Bonacic eager to keep working

By Dan Hust
SULLIVAN COUNTY — NYS Senator John Bonacic recognizes Albany has not necessarily made Sullivan County’s plight better.
“There is pain out there in my district,” he acknowledges. “And when my constituents are in pain, I’m in pain.”
But Bonacic does not consider himself part of the problem, instead blaming the state’s woes – and what he says were the largest tax hikes in New York’s history – on the Democrats currently in charge.
“We want to get the Senate back for the Republicans,” the 11-term Republican senator explains, “so that there’s checks and balances.”

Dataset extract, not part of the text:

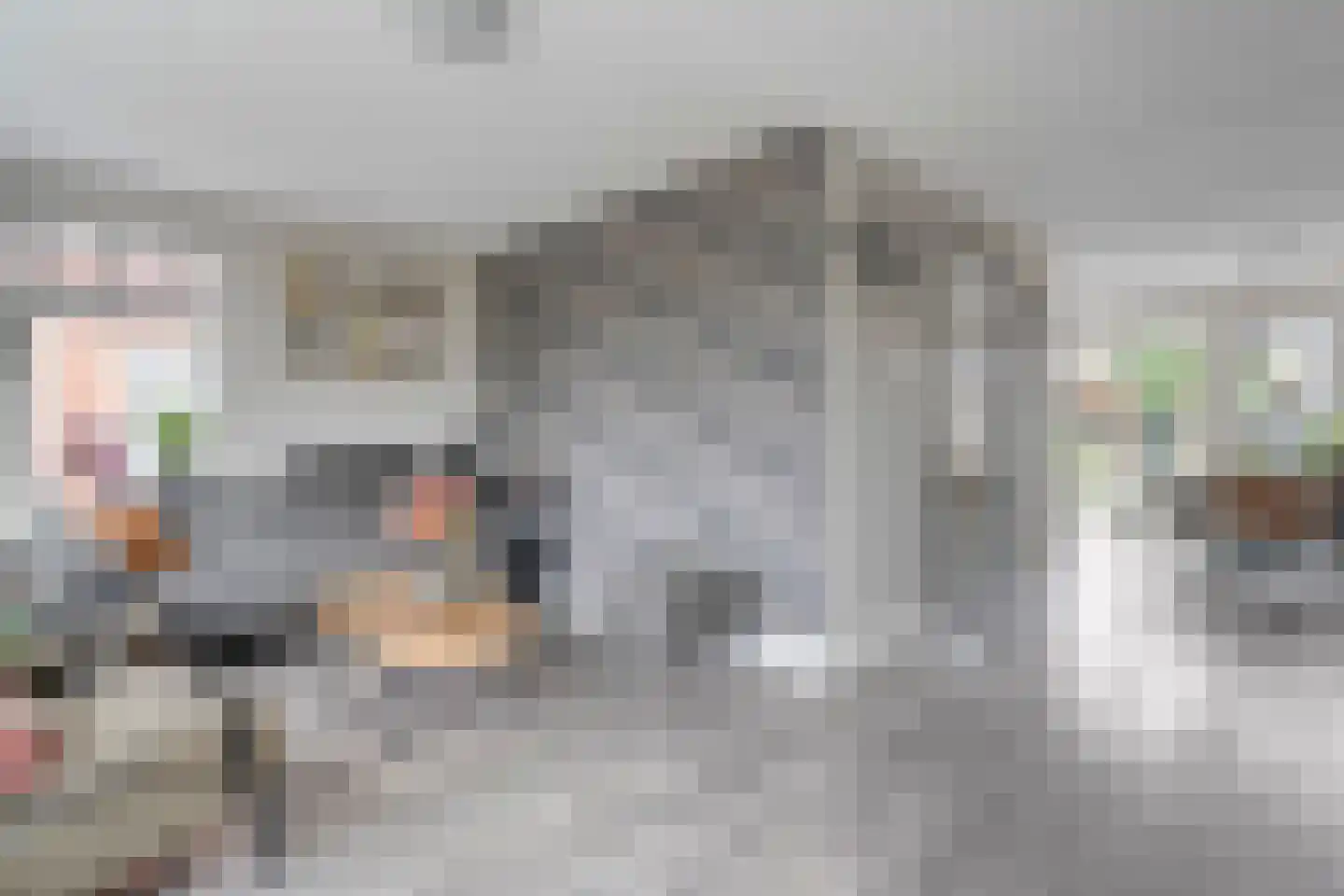 Van Tuellstraat 9 Hardenberg thumbnail 12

The lifelong politician and attorney is in a fierce battle with Democratic Sullivan County Legislator David Sager to represent the 42nd Senate District, which encompasses all of Sullivan and Delaware counties, most of Ulster, and the westernmost sections of Orange County, including the cities of Middletown and Port Jervis.
At 68, his fervor for the job has not dimmed from when he first entered state politics 20 years ago. The job, however, has only gotten more demanding.
“These are the worst economic times I’ve seen in my entire life,” Bonacic admits.
Sullivan County has been hit particularly hard, and Bonacic wants to ease that suffering through property tax reform.
“When we were in the majority in the Senate, we passed it three times,” he recalls. “But we couldn’t move it in the Assembly. [Assembly Speaker] Shelly Silver doesn’t want it.”
Bonacic says he’ll try again, along with pushing for stricter rules with tax-exempt properties, which he says unfairly shift the tax burden.
“The other thing is jobs,” he says.
To the senator’s thinking, that means employee tax credits, a lightened regulatory burden, and basically getting out of the way of business, especially small business.
“The government can never bring the U.S. back into prosperity,” he remarks.
That said, Bonacic’s proud of his bipartisan record in state government, insisting he does not approach the job with a personal agenda.
He says he has Republicans, Democrats and Independence party members all on his staff, telling them they’re free to do what they wish on their own time so long as they’re loyal to him when on the clock.
His opponent has accused some of his staff of unduly interfering in Sager’s campaign efforts, but Bonacic reiterates that he doesn’t tell his crew what to do during off-hours.
“This Sager always shoots from the hip and can’t prove anything he says,” the senator charges.
Bonacic’s equally dismissive of Sager’s ethics reform platform, charging in campaign literature that Sager’s no model himself.
“The guy has an angry temperament that can explode anytime,” he adds.
Bonacic agrees with Sager that people want an ethically honest representative, but he says he’s the right choice.
“It goes to the essence of who we are,” the senator explains. “We’re different in temperament and how we’ve lived our lives.”
That difference is no more evident than with gas drilling, which Bonacic supports – though he claims to want the same high standards Sager is demanding.
“We cannot rush into drilling,” he states. “Nothing is worth sacrificing the safety and quality of our water. If gas drilling occurs, it needs to be on our terms and done right.”